Practical Applications
Here’s where shift() proves its worth in real analysis work.
Calculating Period-Over-Period Changes
stock_prices = pd.DataFrame({
'date': pd.date_range('2024-01-01', periods=6),
'price': [100.0, 102.5, 101.0, 105.0, 103.5, 108.0]
})
# Daily price change (absolute)
stock_prices['daily_change'] = stock_prices['price'] - stock_prices['price'].shift(1)
# Daily return (percentage)
stock_prices['daily_return'] = (
(stock_prices['price'] - stock_prices['price'].shift(1)) /
stock_prices['price'].shift(1) * 100
)
# Equivalent using pct_change() - but shift() gives you more control
stock_prices['pct_change_method'] = stock_prices['price'].pct_change() * 100
print(stock_prices.round(2))
Output:
date price daily_change daily_return pct_change_method
0 2024-01-01 100.0 NaN NaN NaN
1 2024-01-02 102.5 2.5 2.50 2.50
2 2024-01-03 101.0 -1.5 -1.46 -1.46
3 2024-01-04 105.0 4.0 3.96 3.96
4 2024-01-05 103.5 -1.5 -1.43 -1.43
5 2024-01-06 108.0 4.5 4.35 4.35
Creating Lagged Features for Machine Learning
def create_lag_features(df, column, lags):
"""Create multiple lag features for ML models."""
result = df.copy()
for lag in lags:
result[f'{column}_lag_{lag}'] = result[column].shift(lag)
return result
sensor_data = pd.DataFrame({
'timestamp': pd.date_range('2024-01-01', periods=10, freq='h'),
'temperature': [20, 21, 22, 23, 24, 23, 22, 21, 20, 19]
})
# Create lag features for prediction
sensor_with_lags = create_lag_features(sensor_data, 'temperature', [1, 2, 3])

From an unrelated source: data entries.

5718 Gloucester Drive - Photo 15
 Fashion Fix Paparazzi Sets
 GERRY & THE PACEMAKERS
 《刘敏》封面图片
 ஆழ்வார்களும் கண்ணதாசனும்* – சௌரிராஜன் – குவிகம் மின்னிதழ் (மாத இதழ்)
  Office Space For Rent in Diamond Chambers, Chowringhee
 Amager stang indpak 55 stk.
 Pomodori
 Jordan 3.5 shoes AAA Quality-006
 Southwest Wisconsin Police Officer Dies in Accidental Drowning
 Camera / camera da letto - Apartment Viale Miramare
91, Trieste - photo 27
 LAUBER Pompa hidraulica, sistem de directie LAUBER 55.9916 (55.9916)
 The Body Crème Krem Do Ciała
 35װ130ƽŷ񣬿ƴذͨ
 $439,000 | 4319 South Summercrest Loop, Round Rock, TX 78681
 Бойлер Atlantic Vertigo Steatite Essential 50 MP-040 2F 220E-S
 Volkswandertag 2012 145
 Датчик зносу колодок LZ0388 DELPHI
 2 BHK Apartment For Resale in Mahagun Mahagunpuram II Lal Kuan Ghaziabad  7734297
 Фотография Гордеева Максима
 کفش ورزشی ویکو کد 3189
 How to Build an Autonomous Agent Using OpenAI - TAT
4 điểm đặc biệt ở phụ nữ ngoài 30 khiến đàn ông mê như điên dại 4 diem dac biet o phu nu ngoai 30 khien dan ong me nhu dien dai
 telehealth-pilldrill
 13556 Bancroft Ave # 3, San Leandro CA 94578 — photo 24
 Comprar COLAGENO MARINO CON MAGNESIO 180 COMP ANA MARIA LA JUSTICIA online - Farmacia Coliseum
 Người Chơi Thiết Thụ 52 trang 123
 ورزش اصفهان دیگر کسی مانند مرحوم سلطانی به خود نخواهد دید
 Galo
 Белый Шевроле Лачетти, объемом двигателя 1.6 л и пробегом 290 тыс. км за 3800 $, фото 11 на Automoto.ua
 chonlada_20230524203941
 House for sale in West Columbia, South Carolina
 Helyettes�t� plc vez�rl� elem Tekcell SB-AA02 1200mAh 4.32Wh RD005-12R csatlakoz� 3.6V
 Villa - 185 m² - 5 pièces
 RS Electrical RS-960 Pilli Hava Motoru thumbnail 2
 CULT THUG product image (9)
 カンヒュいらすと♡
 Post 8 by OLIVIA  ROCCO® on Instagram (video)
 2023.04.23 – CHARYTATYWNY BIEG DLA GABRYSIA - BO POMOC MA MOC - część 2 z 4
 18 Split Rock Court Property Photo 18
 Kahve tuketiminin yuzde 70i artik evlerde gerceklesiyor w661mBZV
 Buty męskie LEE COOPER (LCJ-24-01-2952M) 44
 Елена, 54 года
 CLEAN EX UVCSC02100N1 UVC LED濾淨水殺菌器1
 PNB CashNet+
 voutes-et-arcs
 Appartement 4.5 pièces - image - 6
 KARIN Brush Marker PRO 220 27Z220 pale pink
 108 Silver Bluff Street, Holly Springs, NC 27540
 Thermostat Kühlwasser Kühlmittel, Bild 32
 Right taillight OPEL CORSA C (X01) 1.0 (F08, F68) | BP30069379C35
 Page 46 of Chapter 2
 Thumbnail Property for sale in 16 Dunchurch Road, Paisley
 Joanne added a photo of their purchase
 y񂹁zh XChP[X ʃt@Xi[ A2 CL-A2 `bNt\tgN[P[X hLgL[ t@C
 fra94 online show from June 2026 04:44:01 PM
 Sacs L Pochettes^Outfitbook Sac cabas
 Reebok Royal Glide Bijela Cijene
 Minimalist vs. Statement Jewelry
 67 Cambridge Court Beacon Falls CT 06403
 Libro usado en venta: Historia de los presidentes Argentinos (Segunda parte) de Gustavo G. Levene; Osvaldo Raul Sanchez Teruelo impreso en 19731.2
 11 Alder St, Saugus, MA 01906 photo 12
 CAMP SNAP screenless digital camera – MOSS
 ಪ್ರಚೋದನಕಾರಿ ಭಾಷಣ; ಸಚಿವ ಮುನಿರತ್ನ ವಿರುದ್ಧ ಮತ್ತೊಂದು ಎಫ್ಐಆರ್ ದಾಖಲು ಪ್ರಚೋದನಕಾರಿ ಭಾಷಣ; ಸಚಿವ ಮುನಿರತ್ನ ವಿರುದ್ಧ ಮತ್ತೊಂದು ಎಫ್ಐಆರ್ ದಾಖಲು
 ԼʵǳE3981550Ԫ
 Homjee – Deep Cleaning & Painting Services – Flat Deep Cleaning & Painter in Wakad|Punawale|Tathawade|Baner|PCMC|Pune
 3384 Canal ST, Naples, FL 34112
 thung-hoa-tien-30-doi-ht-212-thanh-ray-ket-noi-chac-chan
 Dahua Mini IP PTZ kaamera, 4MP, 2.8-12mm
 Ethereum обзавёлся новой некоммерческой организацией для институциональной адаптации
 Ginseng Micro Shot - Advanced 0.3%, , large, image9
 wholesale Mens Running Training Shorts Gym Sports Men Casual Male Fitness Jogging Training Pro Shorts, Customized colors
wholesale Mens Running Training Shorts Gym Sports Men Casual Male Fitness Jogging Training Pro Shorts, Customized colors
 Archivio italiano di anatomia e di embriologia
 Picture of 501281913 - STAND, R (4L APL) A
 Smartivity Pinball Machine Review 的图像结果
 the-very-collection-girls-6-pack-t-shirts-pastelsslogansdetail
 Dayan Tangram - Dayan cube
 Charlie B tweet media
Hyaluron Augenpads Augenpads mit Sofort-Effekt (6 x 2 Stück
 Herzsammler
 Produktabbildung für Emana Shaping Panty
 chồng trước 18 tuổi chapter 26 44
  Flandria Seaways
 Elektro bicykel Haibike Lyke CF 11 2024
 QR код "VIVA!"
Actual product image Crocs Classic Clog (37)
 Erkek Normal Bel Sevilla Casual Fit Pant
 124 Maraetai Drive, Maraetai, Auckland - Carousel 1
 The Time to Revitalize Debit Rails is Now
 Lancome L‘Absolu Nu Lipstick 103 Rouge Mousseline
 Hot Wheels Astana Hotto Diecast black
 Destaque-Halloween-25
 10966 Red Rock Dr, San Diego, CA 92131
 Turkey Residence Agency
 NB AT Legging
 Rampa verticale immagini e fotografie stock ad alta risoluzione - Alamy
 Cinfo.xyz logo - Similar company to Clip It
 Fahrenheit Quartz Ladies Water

# Add a lead feature (what we're predicting)
sensor_with_lags['temperature_next'] = sensor_with_lags['temperature'].shift(-1)
print(sensor_with_lags)
Output:
timestamp temperature temperature_lag_1 temperature_lag_2 temperature_lag_3 temperature_next
0 2024-01-01 00:00:00 20 NaN NaN NaN 21.0
1 2024-01-01 01:00:00 21 20.0 NaN NaN 22.0
2 2024-01-01 02:00:00 22 21.0 20.0 NaN 23.0
3 2024-01-01 03:00:00 23 22.0 21.0 20.0 24.0
4 2024-01-01 04:00:00 24 23.0 22.0 21.0 23.0
5 2024-01-01 05:00:00 23 24.0 23.0 22.0 22.0
6 2024-01-01 06:00:00 22 23.0 24.0 23.0 21.0
7 2024-01-01 07:00:00 21 22.0 23.0 24.0 20.0
8 2024-01-01 08:00:00 20 21.0 22.0 23.0 19.0
9 2024-01-01 09:00:00 19 20.0 21.0 22.0 NaN
Drop rows with NaN before training, and you have a clean feature matrix.
Common Pitfalls and Best Practices
Handle NaN values explicitly. After shifting, decide whether to drop, fill, or interpolate missing values based on your use case:
data = pd.Series([10, 20, 30, 40, 50])
shifted = data.shift(2)
# Option 1: Drop NaN rows
clean_dropped = shifted.dropna()
# Option 2: Forward fill
clean_ffill = shifted.ffill()
# Option 3: Fill with a specific value
clean_filled = shifted.fillna(0)
Watch for dtype changes. Shifting integer columns introduces NaN, which forces conversion to float. Use fill_value to preserve types when appropriate, or convert back after filling:
integers = pd.Series([1, 2, 3, 4, 5], dtype='int64')
shifted = integers.shift(1, fill_value=0) # Stays int64
Be mindful of memory with large datasets. Each shifted column is a full copy. For DataFrames with millions of rows and many lag features, memory can balloon quickly. Consider computing shifts on-demand or using more memory-efficient approaches for very large datasets.
Don’t confuse row shifts with time shifts. When your index is a DatetimeIndex, remember that shift(1) moves values by one row position, not one time unit. Use freq when you need calendar-aware shifting.
The shift() method is deceptively simple but forms the backbone of time series feature engineering. Master it, and you’ll find yourself reaching for it constantly in data analysis workflows.